The sequence types of Joy are the string type and the list type. Values of these types can be ordered. Strings contain just characters, but lists may contain anything. So for lists it only makes sense to speak of ordering if the elements are characters or integers or something else that has an ordering defined on it.
An informal description of the quicksort algorithm is this:
To sort a sequence S :
1 If S is small (has only 0 or 1 element)

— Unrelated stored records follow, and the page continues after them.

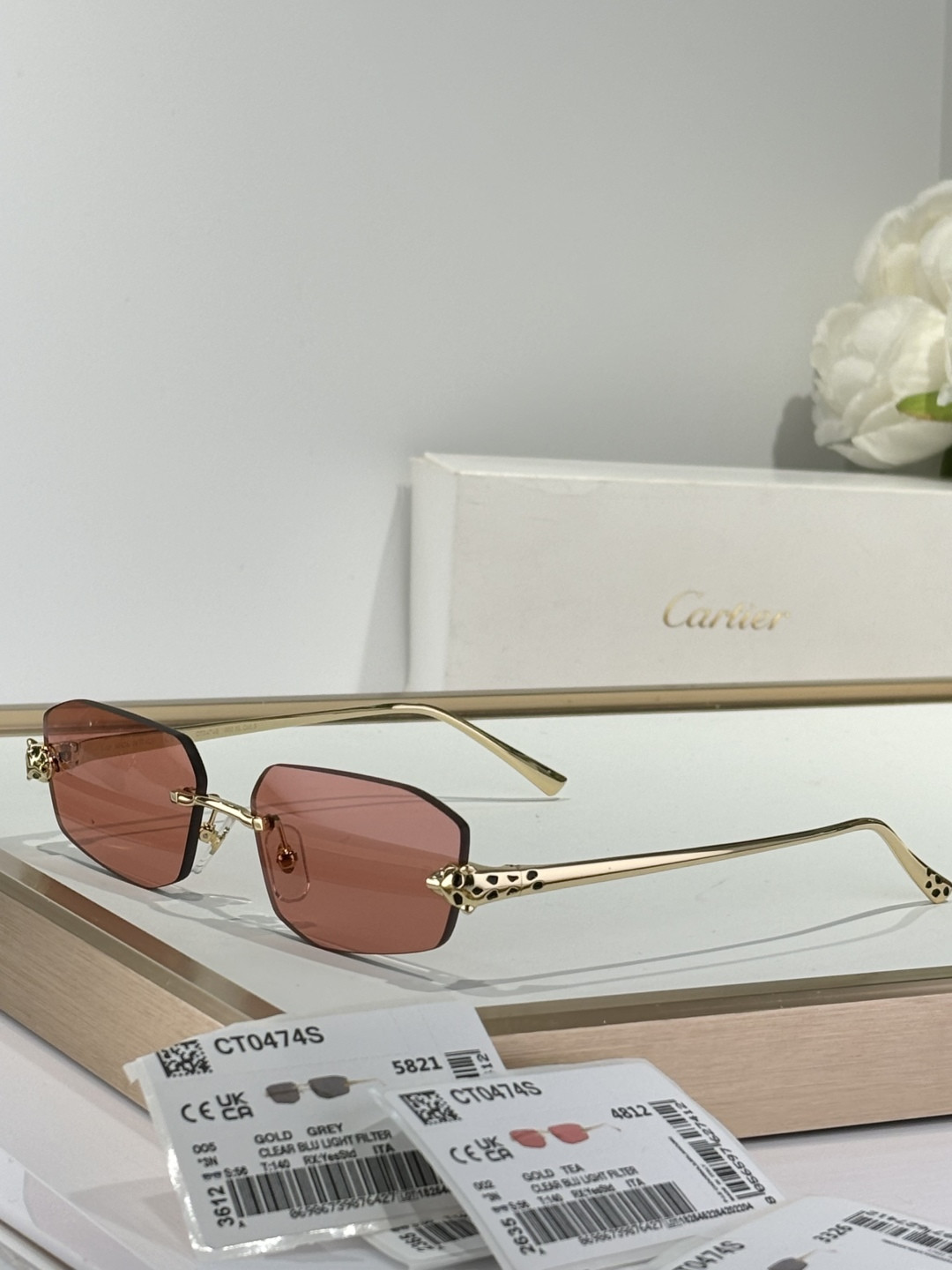Cartier Glasses CT0474S 56-18-145 - Image 8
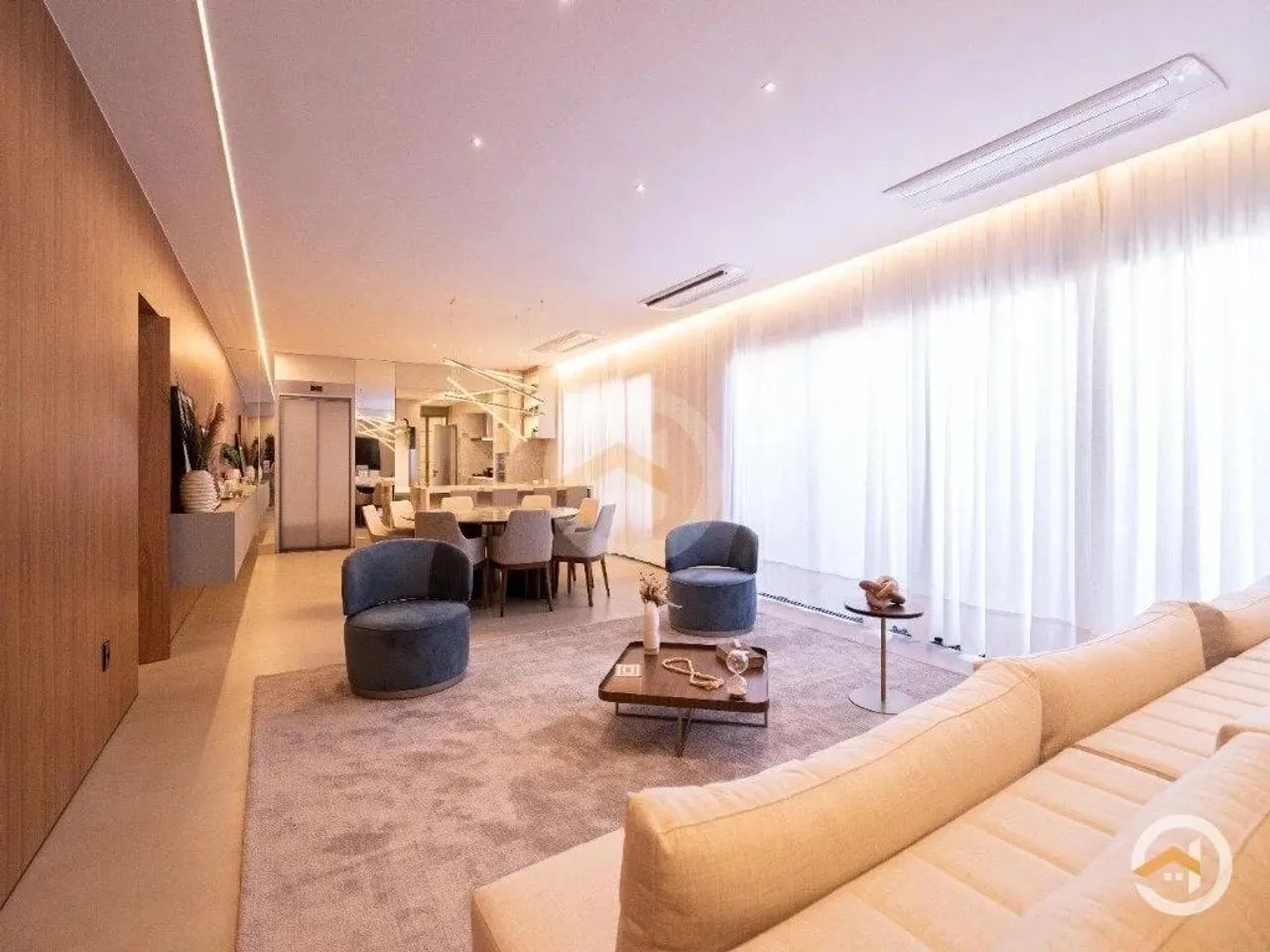 Apartamento Mobiliado e Decorado no Setor Marista com 4 suítes - Foto 5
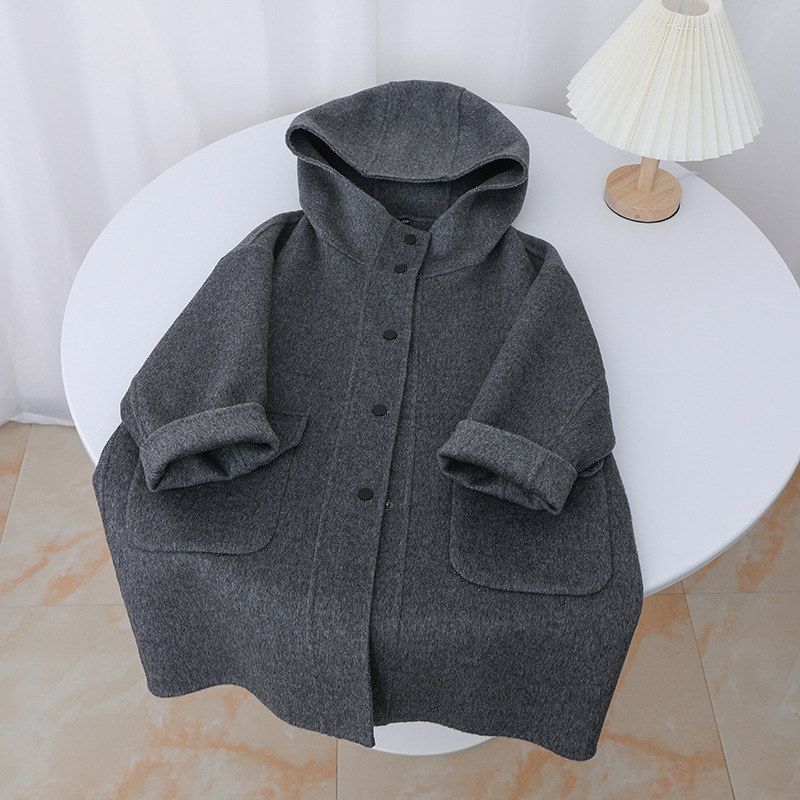 2025新款羊毛双面羊绒大衣男童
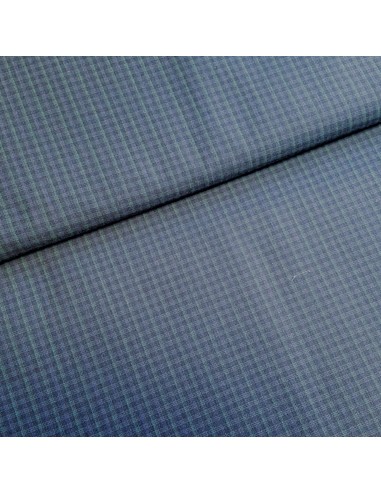 Tissu, Tailleur Petits Carreaux, Vert Multicolore, Laize 150 cm, 80% Polyester 20% Coton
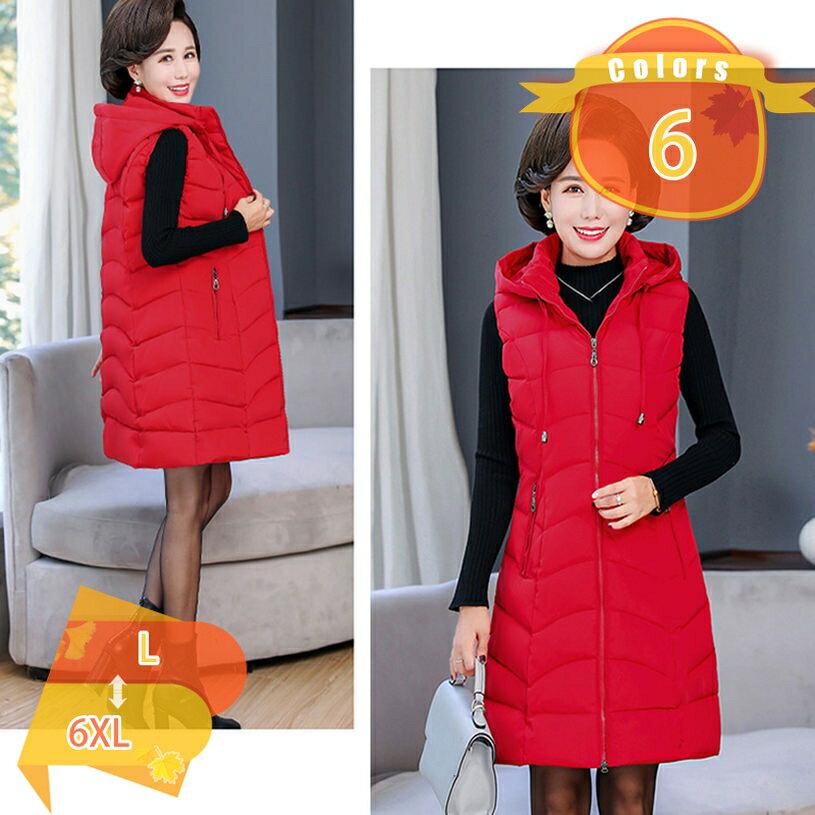 777円OFFクーポン 中綿ベスト フード付き 厚手 おしゃれ 暖かい 防寒ベスト 大きいサイズ 無地 軽量 レディース 防寒対策 ゆったり 体型カバー ファッション 通勤 通学 アウトドア 無地 綿入れコート 袖なし ノースリーブ スリム アウター fascimo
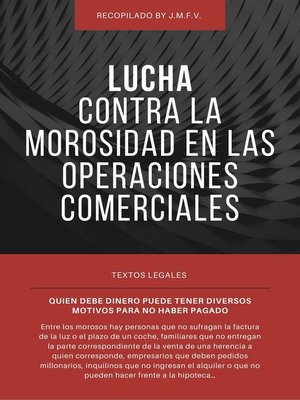 cover image of Lucha contra la morosidad en las operaciones comerciales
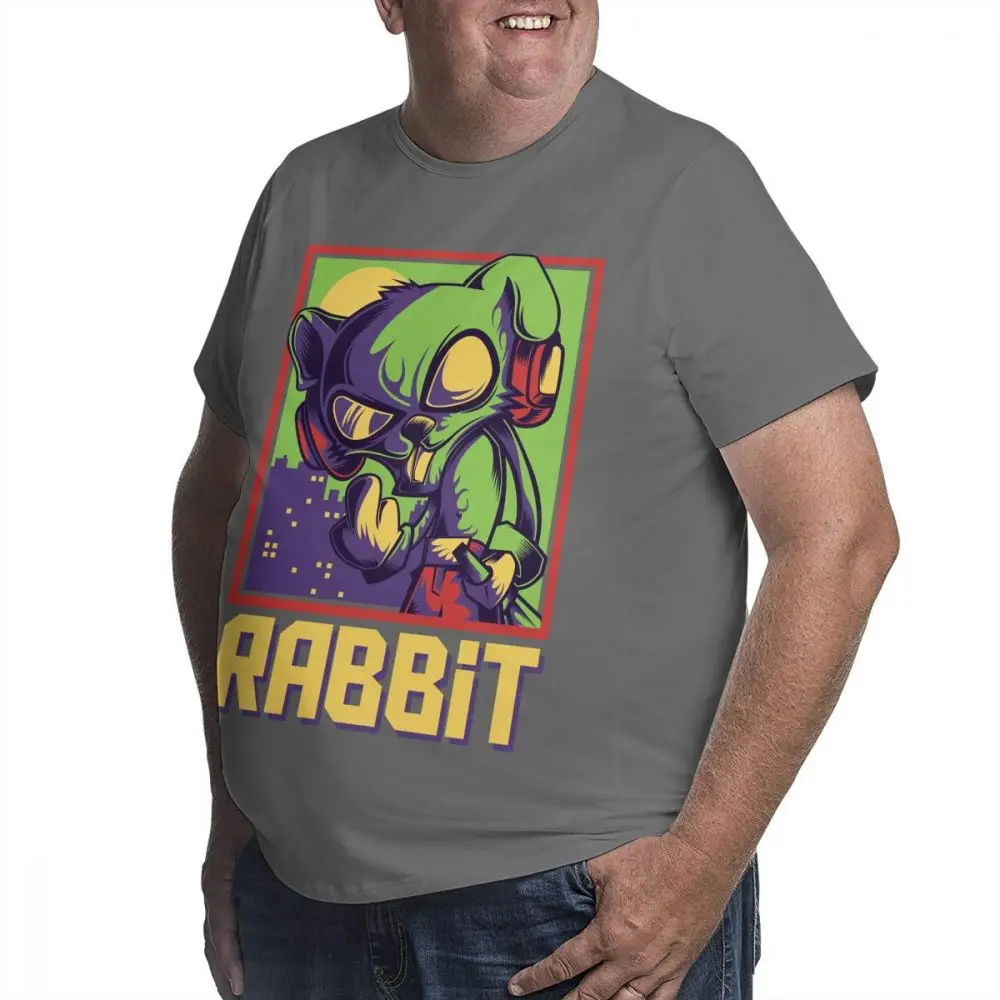 Футболка мужская хлопковая с круглым вырезом в стиле граффити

2 then it is sorted already, leave it alone
else (S has at least one element)
3 using the first of S
as a "pivot" for comparison,
split the rest of S into two portions -
those that are less than the pivot
and those that are not
separately sort both portions P1 and P2
4 concatenate the now sorted lesser portion,
the pivot, and
the sorted other portion.
The following is a definition of an operator qsort
which
uses the above algorithm. But instead of using explicit binary
recursion it uses the binrec
combinator. This is like
the linrec
combinator except that it recurses twice, once
each on the top two elements of the stack. The recursions again occur
between the rec1-part and the rec2-part. The program also uses another
combinator split
which takes as parameter an aggregate and
above that a quoted program which must return a truth value. The
split
combinator returns two aggregates, containing those
elements for which the test yields false
and those for
which it yields true
. The split
combinator has
access to the remainder of the stack which in this case contains the
pivot. So the test determines whether the pivot is >
than the element being examined:
qsort ==
1 [ small ]
2 [ ]
3 [ uncons [>] split ]
4 [ swapd cons concat ]
binrec
Sometimes it is required to sort a list of aggregates on the basis of
their first elements. In that case it is necessary to supply to the
comparison operator >
not the pivot and the element to
be apportioned by split
, but their first elements instead.
This is conveniently done by the app2unary2 combinator which
applies a quoted program to two elements on top of the stack and
replaces them by whatever values the programs return:
qsort1 ==
1 [ small ]
2 [ ]
3 [ uncons [[first] unary2 > ] split ] (* app2 *)
4 [ swapd cons concat ]
binrec
Note that in part 3 when the first element of the pivot has to be
compared with the first element of the aggregate to be apportioned, the
first element of the pivot is being extracted every time. It would
perhaps be more efficient if the first element of the pivot is extracted
just once, as soon as the pivot is available. In that case it is
necessary to take the pivot apart with unswons
, but this
has to be done by dip
ping below the rest of the list still
to be sorted. Then the quotation parameter to split
just
needs to take out the first
of the current aggregate and
compare it with the first of the pivot. After split
has
done its job, the pivot has to be re-assembled by swons
,
but this now has to be done below the two portions with
dip2
. So part 3 can be replaced by:
3 [ uncons [unswons] dip [first >] split [swons] dip2 ]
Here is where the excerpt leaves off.